Acute alcoholic hepatitis is generally considered a contraindication to liver transplantation. For more than a decade, alcoholic cirrhosis has been the second leading indication for liver transplantation in the United States. Most transplantation centers currently require patients with a history of alcohol abuse to have documented abstinence of at least 6 months before undergoing transplantation. This requirement theoretically has a dual advantage of predicting long-term sobriety and allowing recovery of liver function from acute alcoholic hepatitis. This 6-month abstinence rule might not have much prognostic significance in predicting recidivism, however. Alcohol use of any quantity after transplantation for alcohol-related liver disease approaches 50% during the first 5 years, and abuse occurs in up to 15% of patients.39 (Table 4) summarizes investigated treatments for alcoholic liver disease.
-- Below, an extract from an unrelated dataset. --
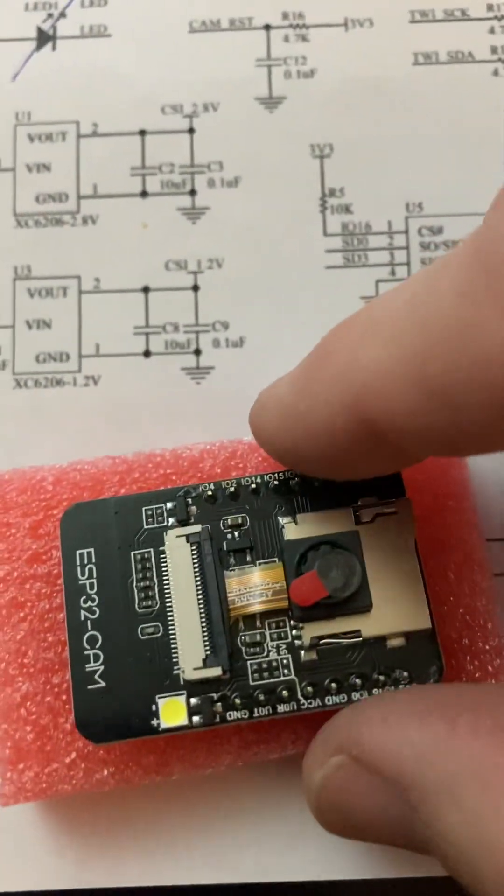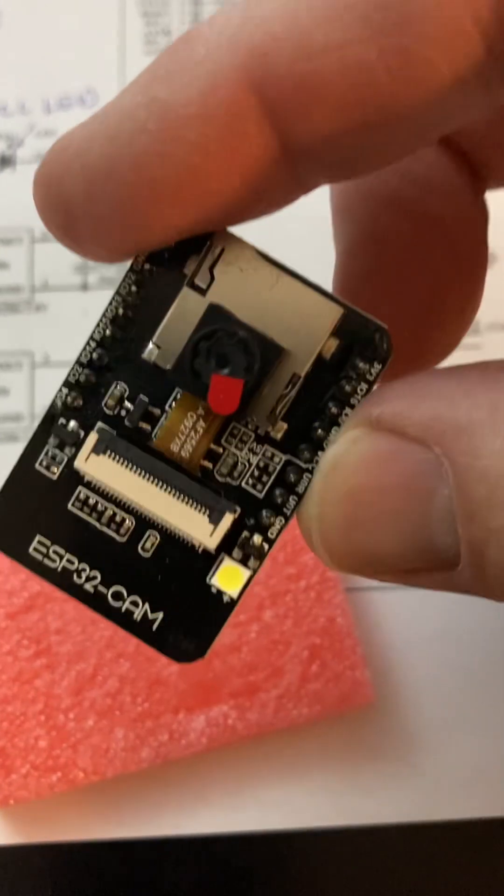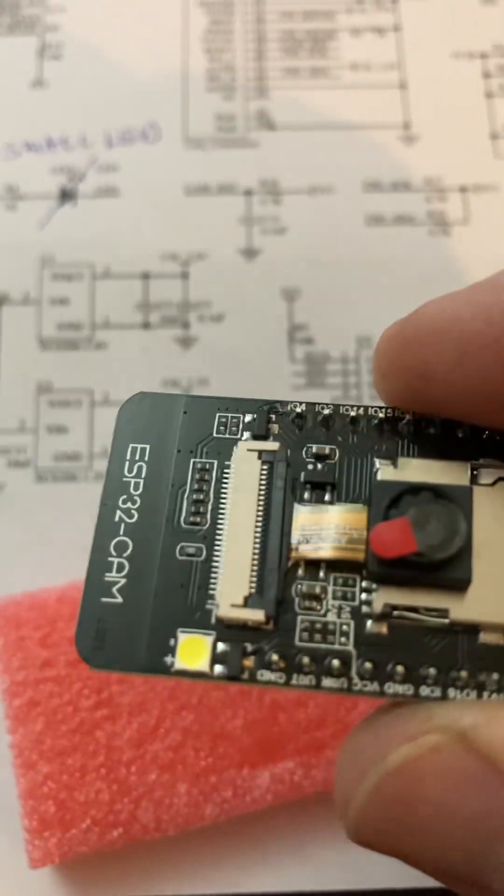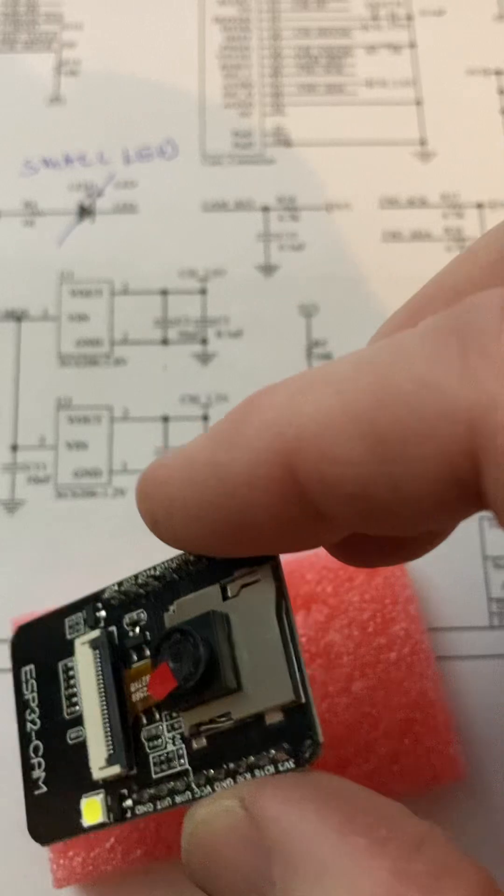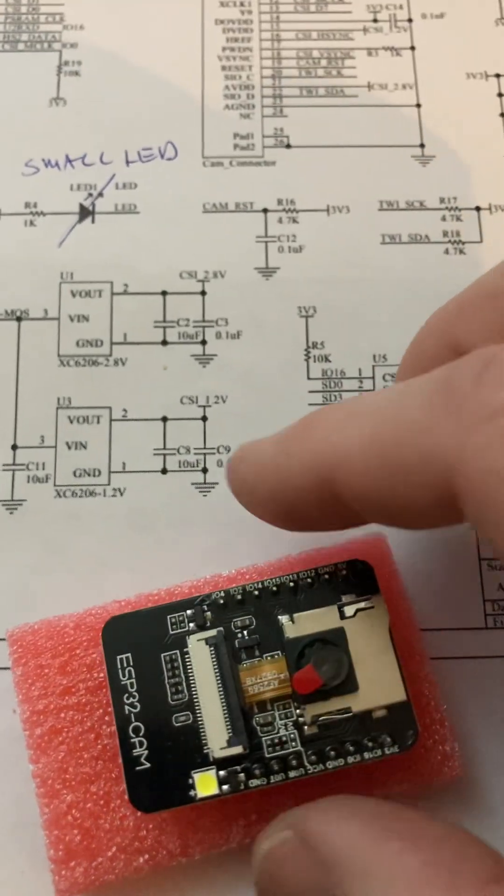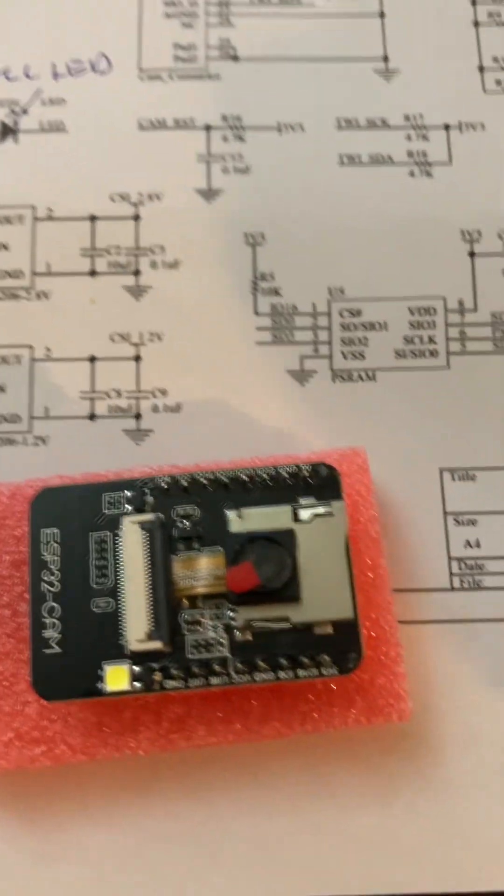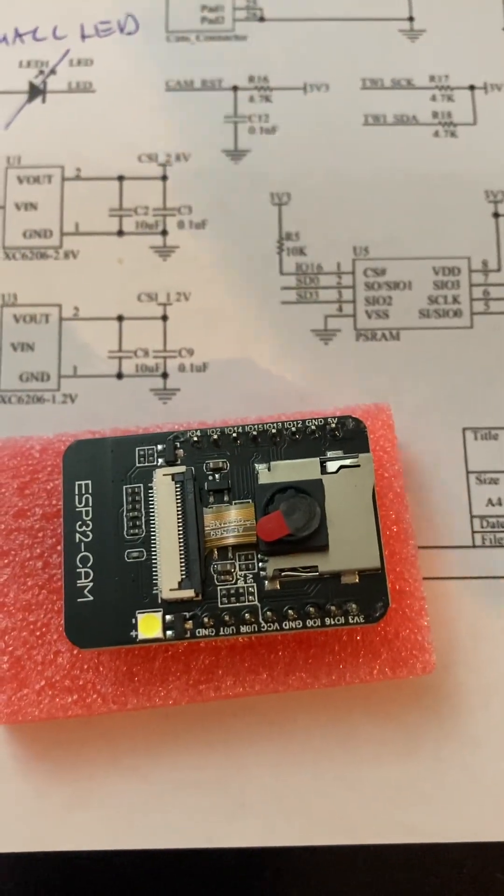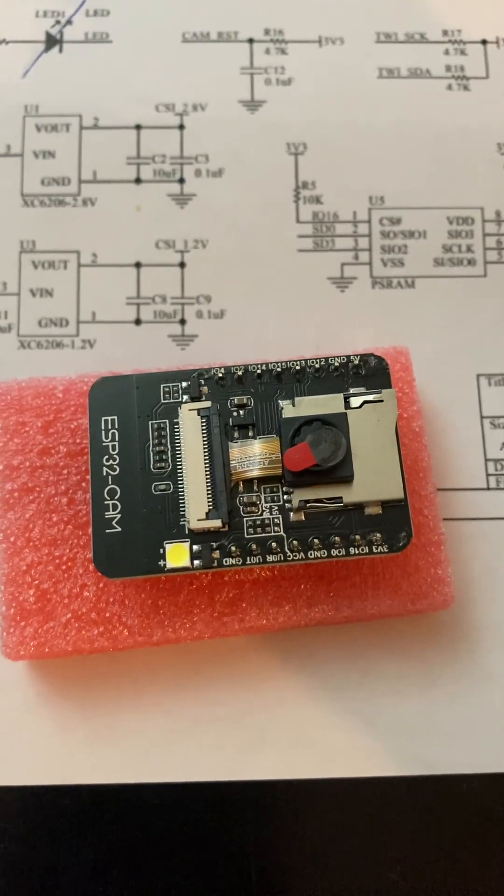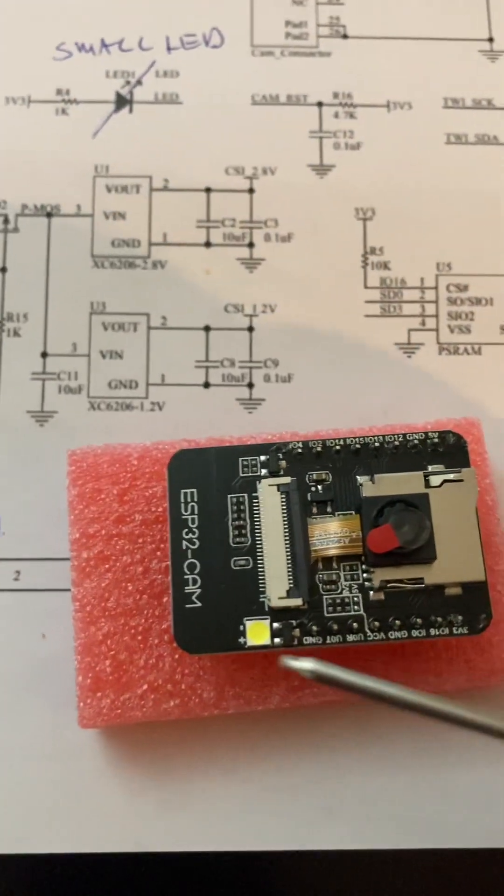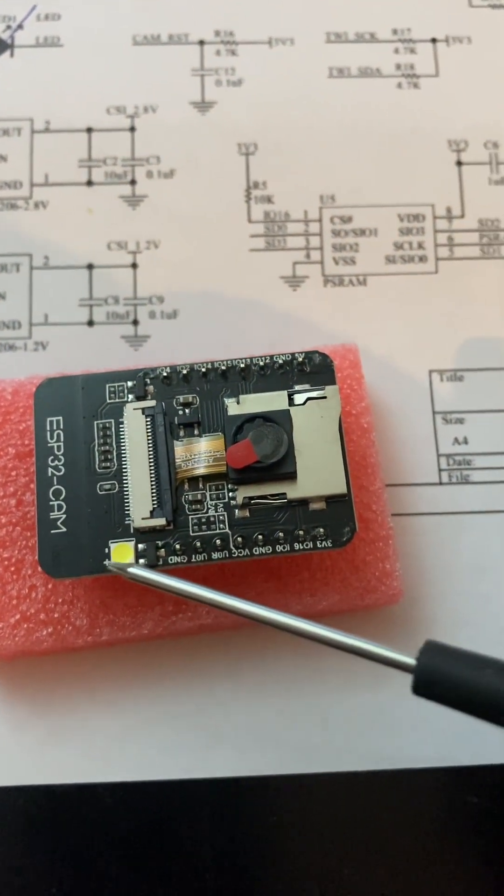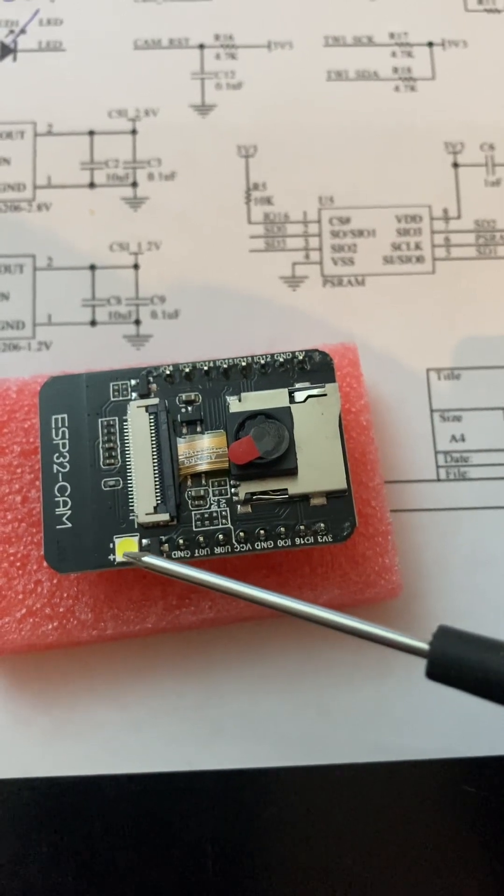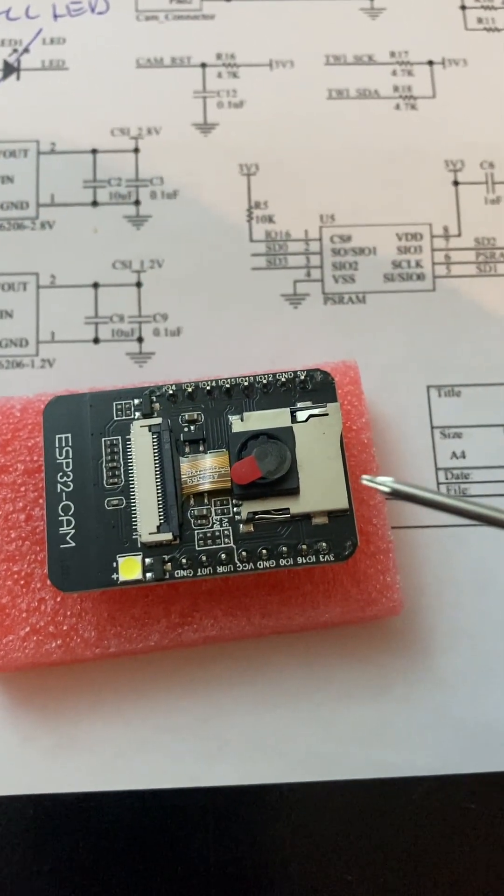This is an ESP32 cam from AI thinker, a nice little board with a lot of great features. But it also has an annoying feature which if you Google a bit on the internet you'll learn about. The basic problem is that this little flash LED is coupled to the SD card reader.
|Table 4. Treatments Investigated for Alcoholic Liver Disease|
|Treatment||Routine Use Recommended?||Potential Benefit|
|Nutritional support||Yes||Survival, laboratory|
|Pentoxifylline||Consider if DF ≥32||Survival, less renal failure|
|Propylthiouracil||Consider (preliminary data)||No|
|Calcium channel blocker||No||No|
|Silymarin (milk thistle)||No||No|
|Liver transplantation||Consider (for decompensated cirrhosis)||Survival ~ 70% at 5 yr|
|DF, discriminant function. SAMe, S-adenosyl-L-methionine|
As emphasized in the most recent national practice guidelines,19 health care providers must be attentive for signs of covert alcohol abuse. Many patients do not openly disclose an accurate history of alcohol use. In addition, no physical examination finding or laboratory abnormality is specific for alcoholic liver disease. All patients should therefore be screened for alcohol abuse or dependency. Abuse is defined as harmful use of alcohol with the development of negative health and/or social consequences. Dependency is defined by physical tolerance and symptoms of withdrawal. The CAGE questionnaire (cutting down on drinking, annoyance at others’ concerns about drinking, feeling guilty about drinking, using alcohol as an eye opener in the morning) is the preferred screening tool, with more than 2 positive answers providing a sensitivity of 71% and a specificity of 95% for alcohol dependency.40
Clinicians should screen all patients for harmful patterns of alcohol use. All patients with alcohol-related liver disease should abstain from alcohol. For those with severe disease (ie, MDF ≥32 and/or hepatic encephalopathy), and no contraindications to their use, steroids should be considered. Liver transplantation remains an option for select patients with end-stage liver disease due to alcohol.